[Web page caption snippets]
☆ ☆ ☆ ☆ ☆ ☆ ☆
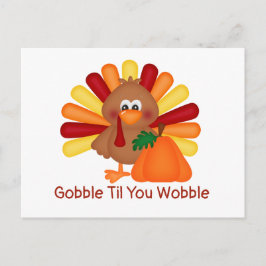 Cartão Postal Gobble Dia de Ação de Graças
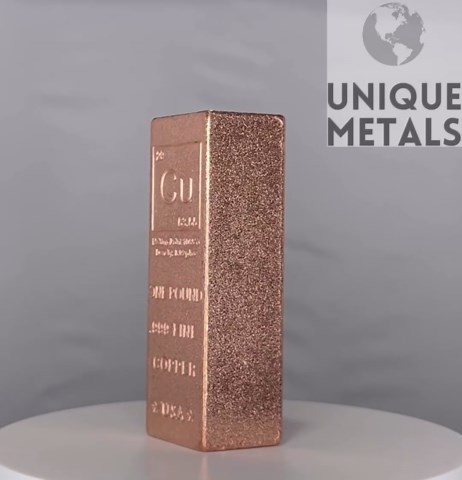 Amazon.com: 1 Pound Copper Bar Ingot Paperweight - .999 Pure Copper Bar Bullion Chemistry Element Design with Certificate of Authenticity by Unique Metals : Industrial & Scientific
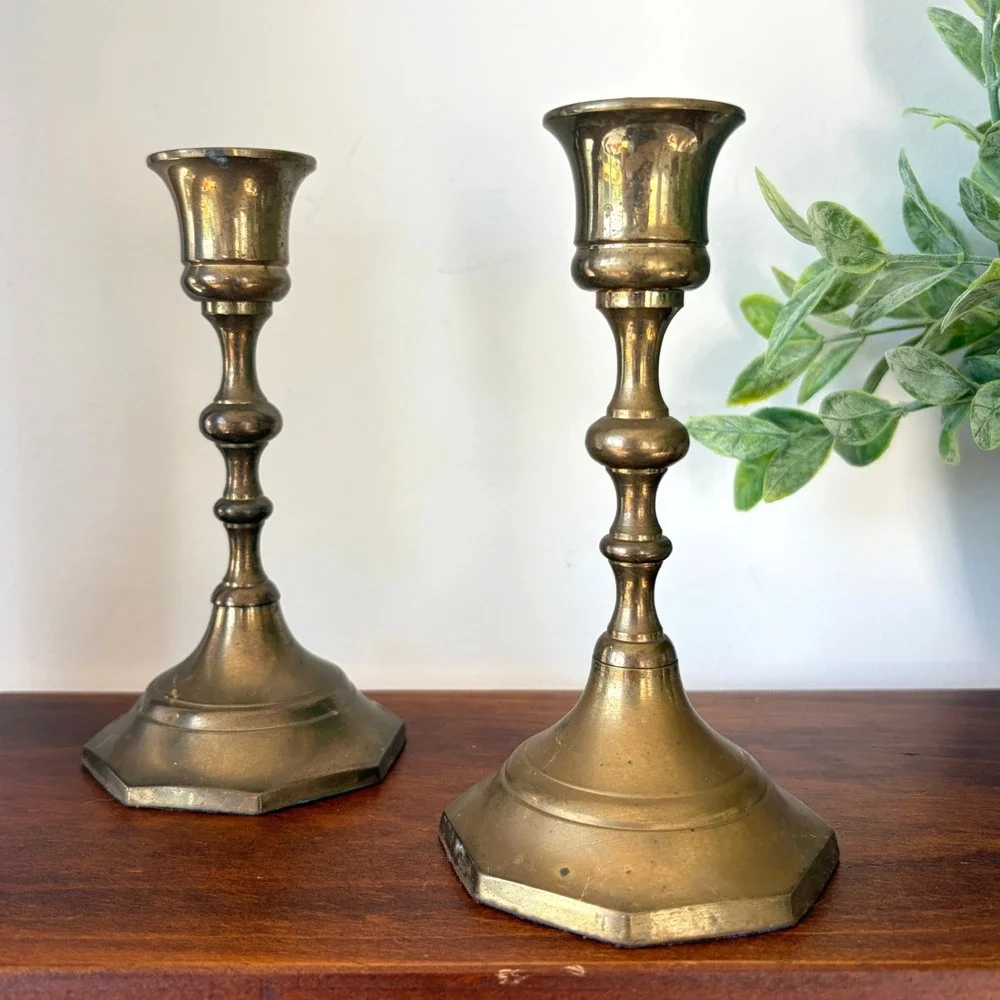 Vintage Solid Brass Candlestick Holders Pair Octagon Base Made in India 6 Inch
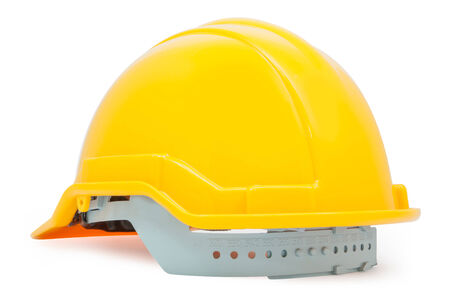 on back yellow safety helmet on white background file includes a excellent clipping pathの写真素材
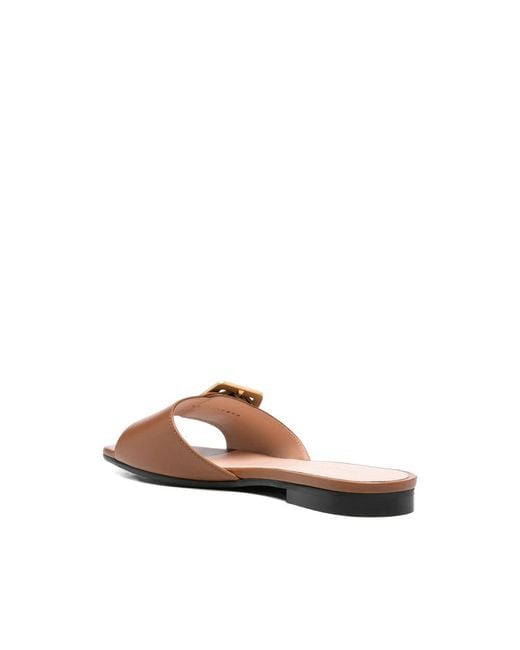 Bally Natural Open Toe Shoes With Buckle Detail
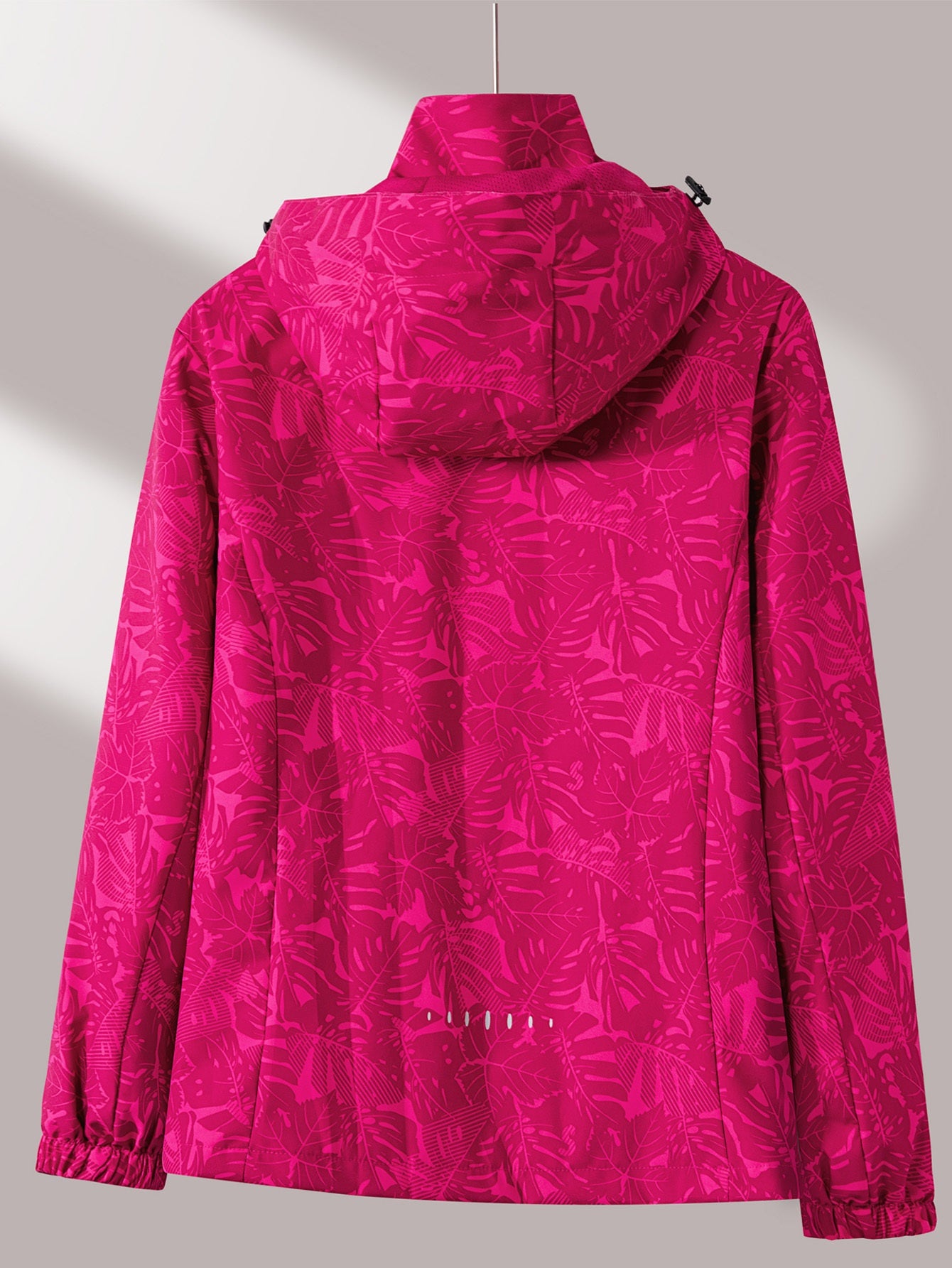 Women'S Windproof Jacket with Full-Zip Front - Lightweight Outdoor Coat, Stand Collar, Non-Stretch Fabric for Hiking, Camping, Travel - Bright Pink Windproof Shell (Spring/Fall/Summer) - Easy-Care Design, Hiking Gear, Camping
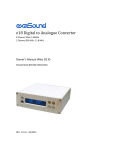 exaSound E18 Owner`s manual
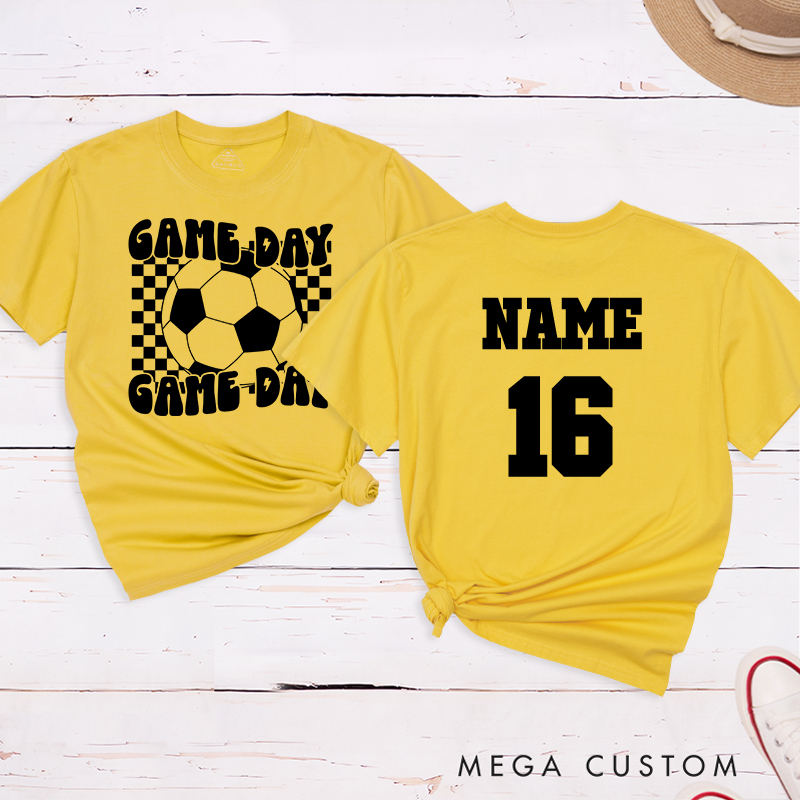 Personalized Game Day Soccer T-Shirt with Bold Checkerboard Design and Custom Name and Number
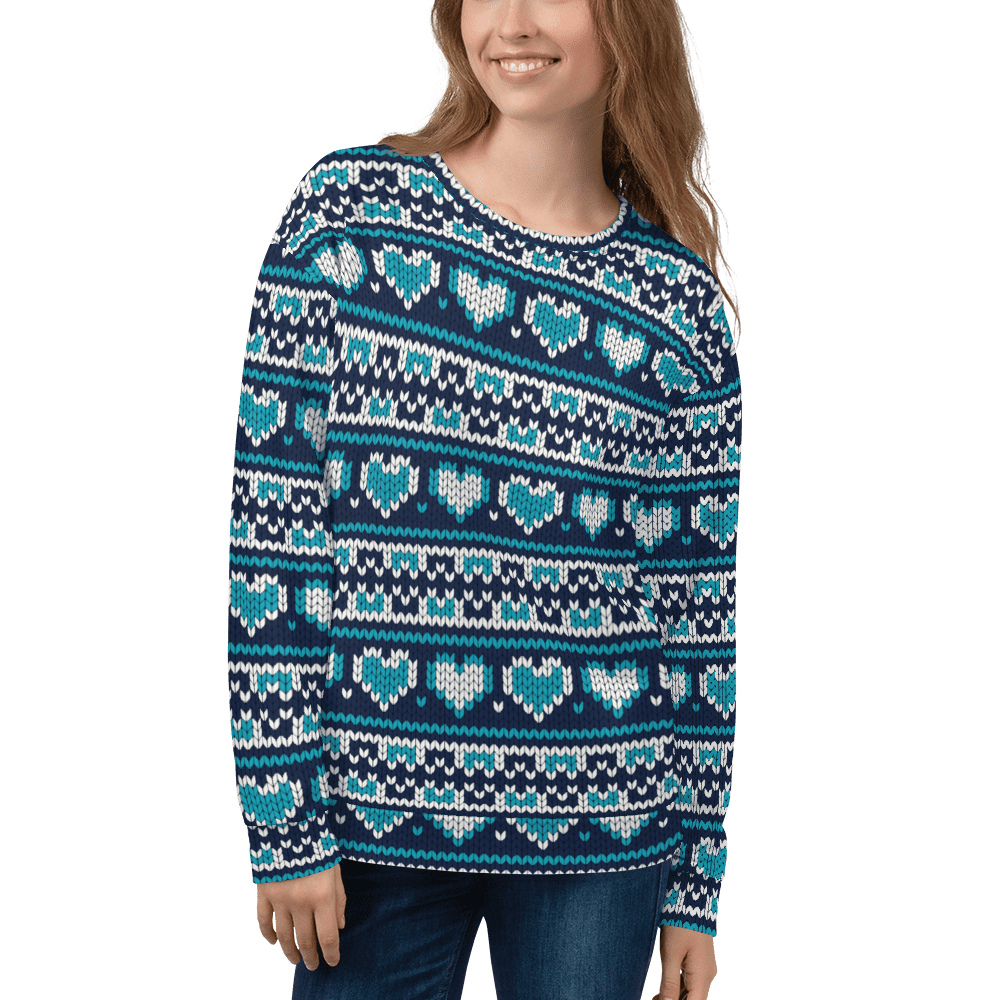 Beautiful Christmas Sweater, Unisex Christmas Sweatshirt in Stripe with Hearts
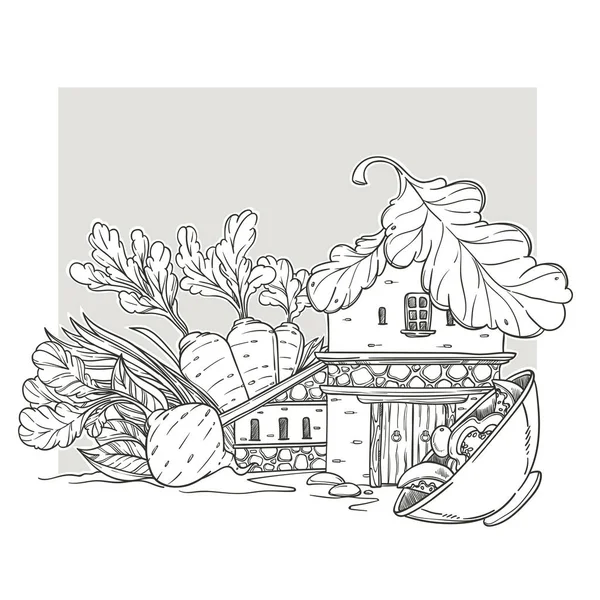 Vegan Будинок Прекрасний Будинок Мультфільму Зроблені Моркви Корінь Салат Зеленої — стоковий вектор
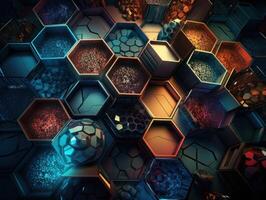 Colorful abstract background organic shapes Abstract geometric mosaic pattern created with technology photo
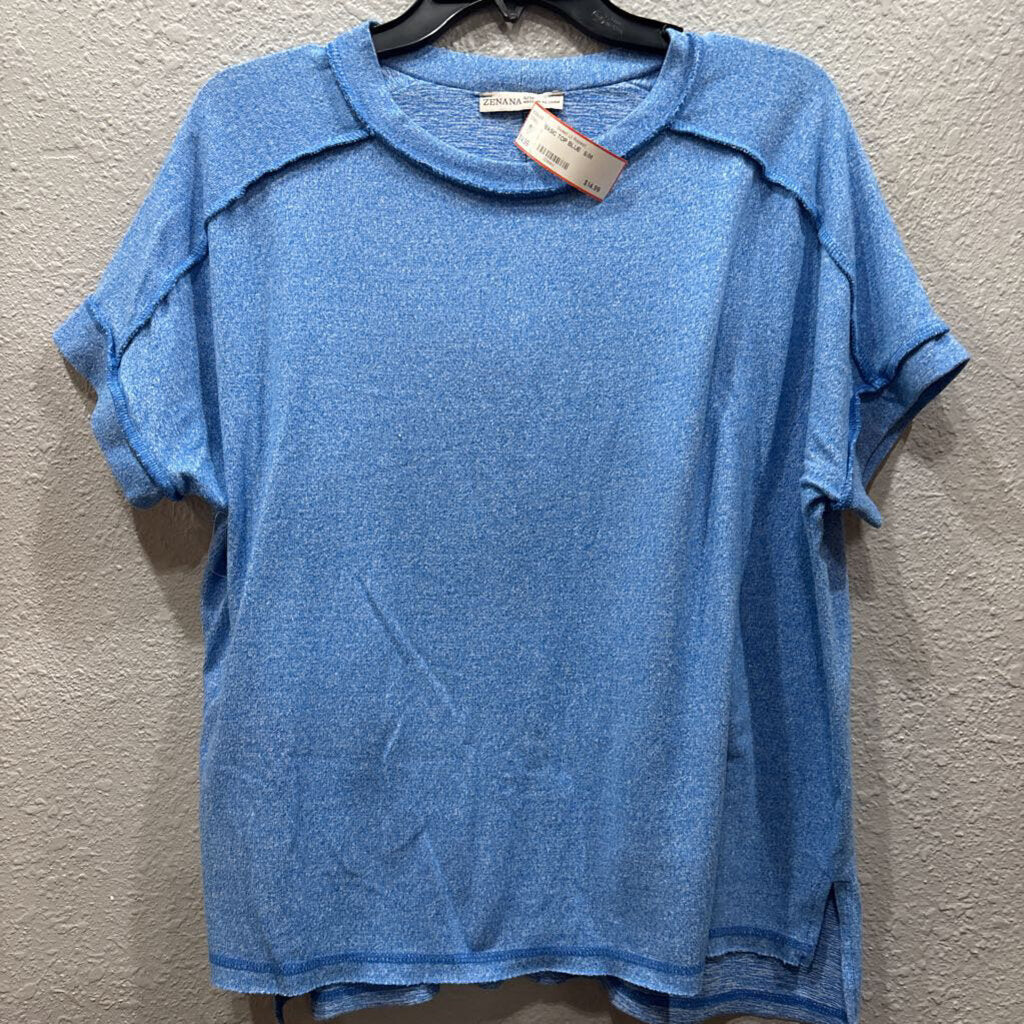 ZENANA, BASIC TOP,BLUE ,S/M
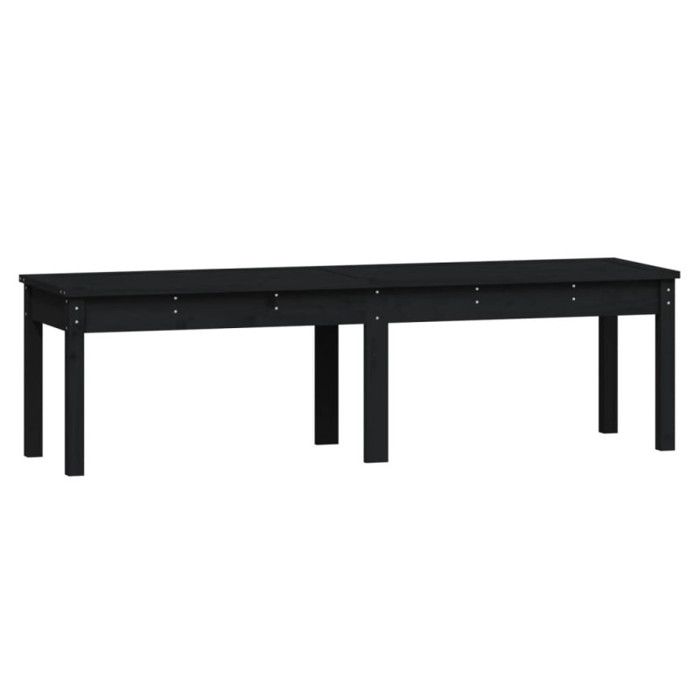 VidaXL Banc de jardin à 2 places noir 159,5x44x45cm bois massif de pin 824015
☆ ☆ ☆ ☆ ☆ ☆ ☆
**TASK TO COMPLETE:** An exact transcription is needed, covering the line with "Vintage Solid Brass" and every line after it to the end of the entries, but not the pictures.

**FINISHED TASK:**
 Vintage Solid Brass Candlestick Holders Pair Octagon Base Made in India 6 Inch
 on back yellow safety helmet on white background file includes a excellent clipping pathの写真素材
 Bally Natural Open Toe Shoes With Buckle Detail
 Women'S Windproof Jacket with Full-Zip Front - Lightweight Outdoor Coat, Stand Collar, Non-Stretch Fabric for Hiking, Camping, Travel - Bright Pink Windproof Shell (Spring/Fall/Summer) - Easy-Care Design, Hiking Gear, Camping
 exaSound E18 Owner`s manual
 Personalized Game Day Soccer T-Shirt with Bold Checkerboard Design and Custom Name and Number
 Beautiful Christmas Sweater, Unisex Christmas Sweatshirt in Stripe with Hearts
 Vegan Будинок Прекрасний Будинок Мультфільму Зроблені Моркви Корінь Салат Зеленої — стоковий вектор
 Colorful abstract background organic shapes Abstract geometric mosaic pattern created with technology photo
 ZENANA, BASIC TOP,BLUE ,S/M
 VidaXL Banc de jardin à 2 places noir 159,5x44x45cm bois massif de pin 824015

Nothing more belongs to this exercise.